Die Stimmung war sehr aufgeheizt. Die Demonstranten schrien lauthals Parolen, doch die Polizei löste die Versammlung trotz mehrmaliger Ankündigung nicht auf. Die Menge versuchte später in Richtung Schwedenplatz zu ziehen, wurde jedoch von der Polizei aufgehalten.

In weiterer Folge führte die Exekutive hunderte Identitätsfeststellungen durch und machte insgesamt 304 Anzeigen. Laut der Landespolizeidirektion Wien wurde eine Person nach dem Strafgesetzbuch angezeigt, 292 nach dem Versammlungsgesetz und elf weitere aufgrund anderer verwaltungsrechtlicher Delikte.

"Nahost-Konflikt darf nicht auf die Straßen Wiens kommen"

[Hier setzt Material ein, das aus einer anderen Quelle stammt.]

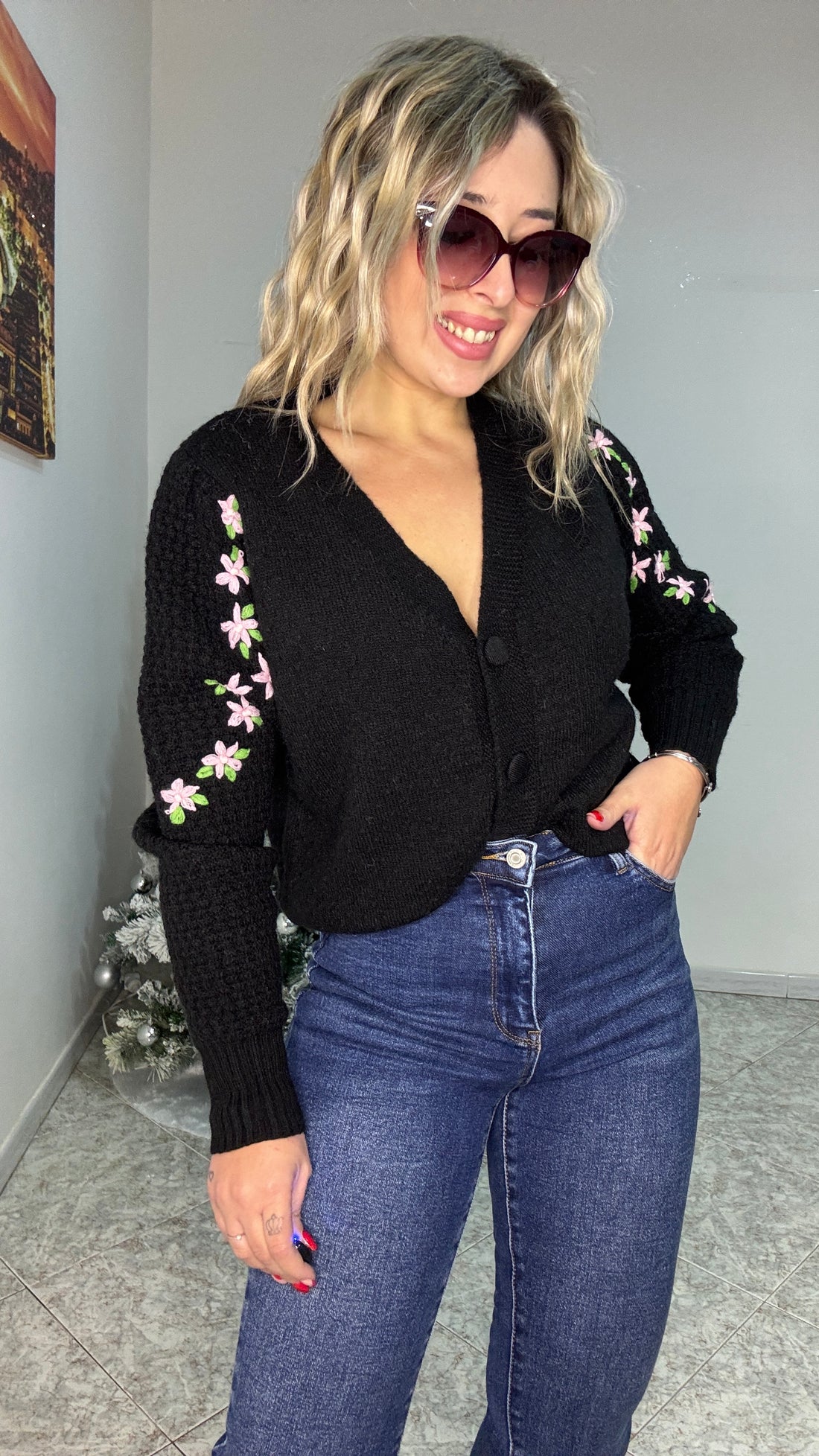 Cardigan a fiori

Polizeipräsident Gerhard Pürstl hatte zuvor bei einem kurzfristig einberufenen Pressetermin in der Landespolizeidirektion erläutert, dass man verhindern müsse, "dass der gewalttätige Konflikt im Nahen Osten auf die Straßen Wiens getragen wird". Pürstl berief sich auf jüngste nachrichtendienstliche Erkenntnisse, denen zufolge die ursprünglich als "Mahnwache in Solidarität mit Palästina" angemeldete Veranstaltung in "eindeutige Gewaltaufrufe" in Richtung des Staates Israel münden hätte können.

Im Vorfeld seien im Internet Einladungen zu der Kundgebungen mit von der Hamas verwendeten Codes verbreitet worden, die ein freies Palästina und die vollständige Auslöschung Israels gutheißen bzw. propagieren. Die Veranstalterin der Kundgebung habe sich davon nicht distanziert, weshalb man sich nach einer "ganz sorgfältigen Abwägung" dazu entschlossen habe, die Veranstaltung nicht stattfinden zu lassen, erläuterte Pürstl.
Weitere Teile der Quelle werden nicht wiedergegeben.